La ecología, como el islamismo o el cristianismo, pertenecen al ámbito de la conciencia y es allí donde se desarrolla y adquiere sentido para proyectarse después sobre la propia economía. Por tanto, sí podría existir un hipotético «capitalismo ecológico», un «socialismo ecológico», un «comunismo ecológico» o, incluso, un «anarquismo ecológico», porque la ecología sólo aporta la dimensión dialéctica para la práctica de la propia economía, pero nunca unos valores nuevos y originales que puedan ser tenidos en consideración para las propias leyes de la economía.
Después de más de diez mil años de relaciones e intercambios que de una forma u otra podemos llamar «económicas», la síntesis de todas estas experiencias confluyen en un modelo adoptado por Occidente y que consiste en una fórmula de equilibrio, según sea la ideología dominante, entre cuatro pilares fundamentales: inversión, producción, consumo y, deduciendo una parte proporcional de la propia actividad económica, gasto social, que es dedicado a la consolidación del Estado de derecho y a sus instituciones, a las garantías constitucionales, al control de la democracia, al fomento de la educación, el trabajo, la salud, la seguridad y la cultura. Ningún Estado avanzado podría sobrevivir si prescindiese de uno de estos cuatro pilares fundamentales. La forma en que el Estado ha controlado la economía y el mercado es el único matiz que marca las diferencias.
Pero si alguna vez hubo en la historia reciente una experiencia económica que se aproximó significativamente al contexto en que una economía puede considerarse como ecológica fue durante las «colectividades agrarias» que se llevaron a cabo en algunas zonas agrarias de Aragón y de Cataluña en la España Republicana.
Cualquier lector que conozca las experiencias económicas del colectivismo agrario que la UGT y la CNT llevaron a cabo en España en la zona leal donde fracasó el intento golpista del general Franco encontrará muchas similitudes, un lenguaje común y, en parte, algunos de los objetivos de una economía ecológica, como son una sociedad solidaria, redistributiva y, en cierta medida, cooperativa y sin clases.
Personalmente comparto la opinión de que nunca antes (ni aun después) un grupo social ha estado más cerca de dominar la economía y demostrar que se puede alcanzar el bienestar de una comunidad sin necesidad de situar al mercado en el centro de toda actividad. Un modelo económico (el colectivismo) que se fundamentaba sobre todo en el logro prioritario del pleno empleo.

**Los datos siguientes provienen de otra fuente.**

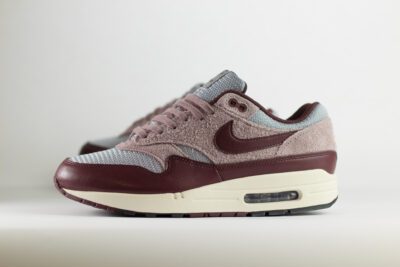 Nike Air Max 1 Essential PRM Cement Grey Burgundy Crush – Grijs/Burgundy – Heren/Dames/Uniseks Sneakers – Leer/Mesh - FQ7327-001 – Zijkant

Fue el aragonés Joaquín Costa (1844-1911), nacido en la ciudad de Greus, donde él mismo puso en práctica sus teorías y que en 1898 escribió «El colectivismo agrario», quien estableció las pautas de conducta social y las estructuras fundamentales para el éxito de un original modelo de «comunismo-anarquismo» total, en el que «todo se resolvía de forma asamblearia y directa». Durante un corto período de tiempo se formaron hasta 45O colectividades, que englobaban a cerca de medio millón de trabajadores, todos afiliados a los sindicatos de clase UGT o al anarquista CNT.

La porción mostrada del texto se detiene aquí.